-- COLLECTED MATERIAL follows --

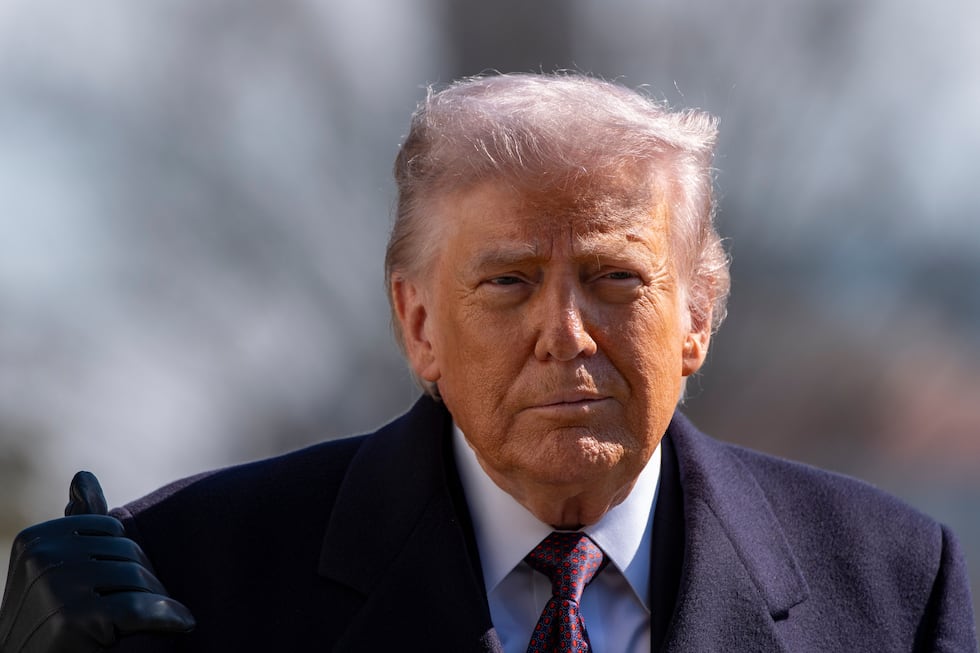 President Donald Trump walks to speak with reporters before departing on Marine One from the...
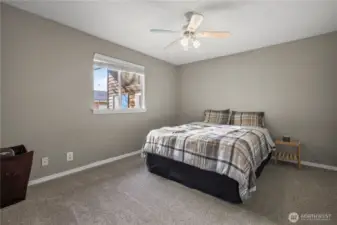 Bedroom #1 located on the northwest corner of the main level with double closets and built in organizers.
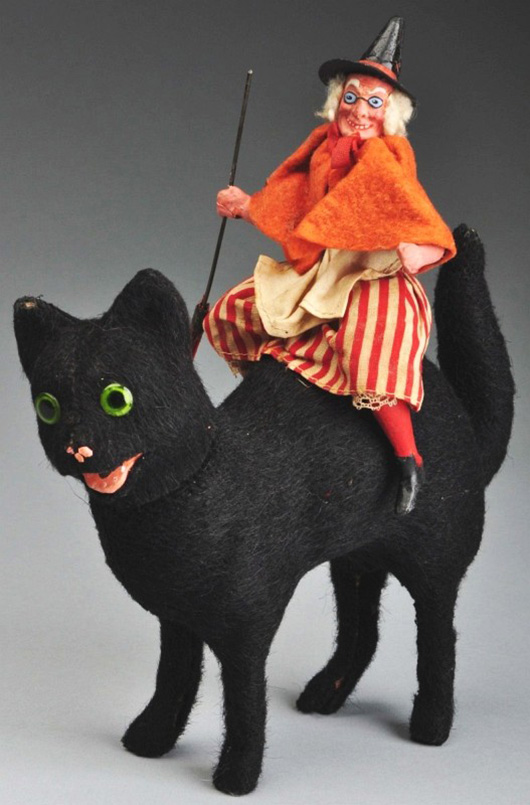 Halloween witch riding black cat candy container, 10in tall, sold at Morphy’s for $4,200 on Sept. 17, 2011. Image courtesy LiveAuctioneers Archive and Morphy Auctions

-- COLLECTED MATERIAL concluded --

The response is the full listing, copied exactly, with the pictures omitted.

 President Donald Trump walks to speak with reporters before departing on Marine One from the...
 Bedroom #1 located on the northwest corner of the main level with double closets and built in organizers.
 Halloween witch riding black cat candy container, 10in tall, sold at Morphy’s for $4,200 on Sept. 17, 2011. Image courtesy LiveAuctioneers Archive and Morphy Auctions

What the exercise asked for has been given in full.